American-Indian studies major, Shawnee Sample, believes that, “It’s about seeing different perspectives and different sides to everything, just being able to recognize what’s going down whether it’s political, educational, etc.”

“I think it means being aware of situations and problems that people aren’t aware of,” shares computer science major, David Harvey. “I feel like it’s being overused for now, but with time it will be used less.”

The great thing about social media is that it can get information to circulate on a broader scale. People all over the world can get a laugh from the same memes at the same time! And while that is amazing it’s important to realize that not just memes are being rapidly spread, so are these trends of activism.

We live in a time where big social movements involving hashtags can catapult through the likes of social media. Take #BlackLivesMatter for example, the entirety of that movement started on social media and without social media it would not have spread as widely as it did.

With that being said, even though a social movement as such holds much more value than a trend, it is treated the same when it comes to having a shelf life, which brings me to the topic of being or staying “Woke.”

Even though it has taken off on social media, the term has been around for decades in the Black community. Although not the most reputable source, The Urban Dictionary satirically describes it as “a state of perceived intellectual superiority one gains by reading The Huffington Post.”

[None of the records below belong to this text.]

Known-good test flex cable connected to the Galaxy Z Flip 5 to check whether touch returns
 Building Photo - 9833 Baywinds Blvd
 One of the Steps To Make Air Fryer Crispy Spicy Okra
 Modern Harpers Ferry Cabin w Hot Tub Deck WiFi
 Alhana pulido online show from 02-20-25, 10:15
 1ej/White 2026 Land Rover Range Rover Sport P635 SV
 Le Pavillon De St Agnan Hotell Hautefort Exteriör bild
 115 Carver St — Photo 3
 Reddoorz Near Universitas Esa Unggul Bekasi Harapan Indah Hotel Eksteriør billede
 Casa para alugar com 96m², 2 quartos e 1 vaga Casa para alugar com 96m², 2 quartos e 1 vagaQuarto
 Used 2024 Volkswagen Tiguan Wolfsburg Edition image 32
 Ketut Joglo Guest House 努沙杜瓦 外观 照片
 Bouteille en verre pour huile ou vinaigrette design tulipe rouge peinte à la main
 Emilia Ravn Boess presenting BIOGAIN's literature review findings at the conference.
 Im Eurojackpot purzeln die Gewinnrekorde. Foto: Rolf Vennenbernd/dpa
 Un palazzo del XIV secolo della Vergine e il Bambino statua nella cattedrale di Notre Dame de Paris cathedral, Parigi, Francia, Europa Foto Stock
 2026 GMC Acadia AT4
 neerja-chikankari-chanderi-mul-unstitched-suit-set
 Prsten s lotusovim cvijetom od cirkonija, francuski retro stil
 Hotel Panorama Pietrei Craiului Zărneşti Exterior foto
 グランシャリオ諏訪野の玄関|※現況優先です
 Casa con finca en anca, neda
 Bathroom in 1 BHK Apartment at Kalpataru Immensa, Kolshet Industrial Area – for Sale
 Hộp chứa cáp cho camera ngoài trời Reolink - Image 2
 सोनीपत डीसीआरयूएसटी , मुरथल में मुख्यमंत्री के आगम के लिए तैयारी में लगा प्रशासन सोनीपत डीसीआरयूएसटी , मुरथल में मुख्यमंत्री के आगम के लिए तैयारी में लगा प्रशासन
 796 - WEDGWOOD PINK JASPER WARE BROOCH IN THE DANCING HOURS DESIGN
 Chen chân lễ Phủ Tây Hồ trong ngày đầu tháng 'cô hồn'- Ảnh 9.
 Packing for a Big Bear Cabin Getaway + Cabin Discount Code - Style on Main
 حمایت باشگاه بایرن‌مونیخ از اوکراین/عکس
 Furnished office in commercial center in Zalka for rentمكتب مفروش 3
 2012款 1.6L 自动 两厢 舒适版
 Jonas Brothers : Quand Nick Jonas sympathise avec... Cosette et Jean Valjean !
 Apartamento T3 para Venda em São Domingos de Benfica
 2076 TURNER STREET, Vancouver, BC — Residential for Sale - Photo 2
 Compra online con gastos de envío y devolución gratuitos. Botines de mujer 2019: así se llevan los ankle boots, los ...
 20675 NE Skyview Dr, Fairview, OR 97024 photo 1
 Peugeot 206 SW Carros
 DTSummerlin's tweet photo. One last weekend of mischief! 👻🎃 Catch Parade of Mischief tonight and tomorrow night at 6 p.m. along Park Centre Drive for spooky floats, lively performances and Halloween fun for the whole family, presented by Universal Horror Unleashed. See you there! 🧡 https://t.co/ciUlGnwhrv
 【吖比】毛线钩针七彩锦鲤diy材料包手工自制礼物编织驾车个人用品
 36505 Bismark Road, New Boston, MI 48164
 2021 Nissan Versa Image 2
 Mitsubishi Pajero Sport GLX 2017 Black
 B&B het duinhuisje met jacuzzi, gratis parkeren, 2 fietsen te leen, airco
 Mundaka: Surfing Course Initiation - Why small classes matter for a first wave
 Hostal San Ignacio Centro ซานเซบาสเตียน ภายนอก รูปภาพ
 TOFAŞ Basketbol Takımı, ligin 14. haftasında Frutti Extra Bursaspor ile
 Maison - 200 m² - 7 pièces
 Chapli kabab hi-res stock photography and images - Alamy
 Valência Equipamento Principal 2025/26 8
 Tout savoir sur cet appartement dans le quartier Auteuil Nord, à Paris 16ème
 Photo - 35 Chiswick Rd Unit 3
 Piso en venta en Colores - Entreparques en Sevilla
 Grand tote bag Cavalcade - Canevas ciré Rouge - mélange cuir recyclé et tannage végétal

A lot of people think that because they were there first they get to delegate what the meaning is and how others should be regarded within that term,” says Ghila Andemeskel, former executive coordinator for the Black Student Union. “In general it does open doors for discussion.”

At the peak of its existence in the world of social media, “woke” seemed to bring a lot of awareness to issues. It also became something that people were striving to be a part of because it was highly looked down upon to be considered not “woke.”

With that popularity arose various problems. On one hand people were beginning to just start calling themselves “woke,” unjustly throwing around the word like Northern Californians throw around the word “hella.” On the other hand, people began to develop this unwarranted sense of intellectual superiority, and additionally it led to a lot of talk of issues, but no action.

“Media is a tool that can be used positively and negatively,” explains Hanna Wodaje, an Africana studies Alumna who currently works at the Black Unity Center. “The word can be like a double-edged sword obviously if it’s used inefficiently.”

The overuse and misuse of the word by people wanting fit in led to a lot of folks misconstruing the meaning. While it is great to care for these issues and give them more attention, the only thing this superiority does is create a divide between people, as opposed to spreading awareness which was the goal from the beginning, which in my opinion is the cause of this dwindling trend.

Often people think that a simple double tap on someone’s “woke” post or a simple retweet is enough and that is as far as their wokeness goes.

“Social media things like hashtags have been an amazing way for people of color and marginalized groups to reclaim their spaces and their platforms,” Wodaje points out.

Even singer and Bay Area native, Kehlani, sported the word as a tattoo in giant letters gracing the back of her hand, which she had covered up at the beginning of this year.

“When I got the ‘Woke’ tattoo at twenty-years-old I thought I was the smartest cookie in the jar,” shared the now twenty-two-year-old in an Instagram post. “I was so ready to declare my intelligence to the world.”

Someone who is truly about that life, lives it everyday. It shows in the company they keep, in them standing up for themselves and others, and it shows in their active activism—not including “Twitter activism”, which is not necessarily bad, but it is not enough to make an actual impact in the community and the lives of others.
We should stop looking at it like it is a finite state of being. There is no end to learning, growing, and becoming better versions of ourselves.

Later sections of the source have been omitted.